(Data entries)
::::

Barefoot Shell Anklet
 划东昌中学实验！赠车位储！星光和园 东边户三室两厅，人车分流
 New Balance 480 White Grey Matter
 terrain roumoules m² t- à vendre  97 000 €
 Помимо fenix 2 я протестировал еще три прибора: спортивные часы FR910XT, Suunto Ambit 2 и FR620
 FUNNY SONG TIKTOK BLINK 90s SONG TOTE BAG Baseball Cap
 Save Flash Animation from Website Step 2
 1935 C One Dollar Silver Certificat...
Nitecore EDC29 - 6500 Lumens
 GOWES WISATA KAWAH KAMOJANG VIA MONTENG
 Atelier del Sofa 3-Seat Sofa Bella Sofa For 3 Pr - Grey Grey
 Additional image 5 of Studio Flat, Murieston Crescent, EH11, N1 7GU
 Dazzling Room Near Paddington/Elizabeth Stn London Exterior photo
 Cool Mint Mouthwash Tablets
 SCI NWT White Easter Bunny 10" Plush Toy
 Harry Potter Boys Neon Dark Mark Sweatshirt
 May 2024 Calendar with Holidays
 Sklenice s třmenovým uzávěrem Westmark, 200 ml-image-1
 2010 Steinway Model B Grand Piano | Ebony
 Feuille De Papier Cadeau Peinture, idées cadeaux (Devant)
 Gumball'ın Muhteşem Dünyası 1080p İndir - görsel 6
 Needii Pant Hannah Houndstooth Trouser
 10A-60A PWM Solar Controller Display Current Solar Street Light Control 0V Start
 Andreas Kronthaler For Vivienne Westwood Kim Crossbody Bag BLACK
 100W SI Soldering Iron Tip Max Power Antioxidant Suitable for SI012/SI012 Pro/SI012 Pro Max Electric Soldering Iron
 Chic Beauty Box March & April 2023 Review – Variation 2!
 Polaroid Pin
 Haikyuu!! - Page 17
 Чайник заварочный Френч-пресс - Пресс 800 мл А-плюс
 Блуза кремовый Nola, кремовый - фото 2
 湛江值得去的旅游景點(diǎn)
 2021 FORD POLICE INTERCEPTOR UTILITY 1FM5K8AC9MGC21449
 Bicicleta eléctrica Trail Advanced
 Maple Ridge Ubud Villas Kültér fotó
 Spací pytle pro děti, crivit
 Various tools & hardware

::::

▶ Work to complete:
Looking at the data above, count the lines that contain the string "Grey" and give only the count.

▶ Completed task:
2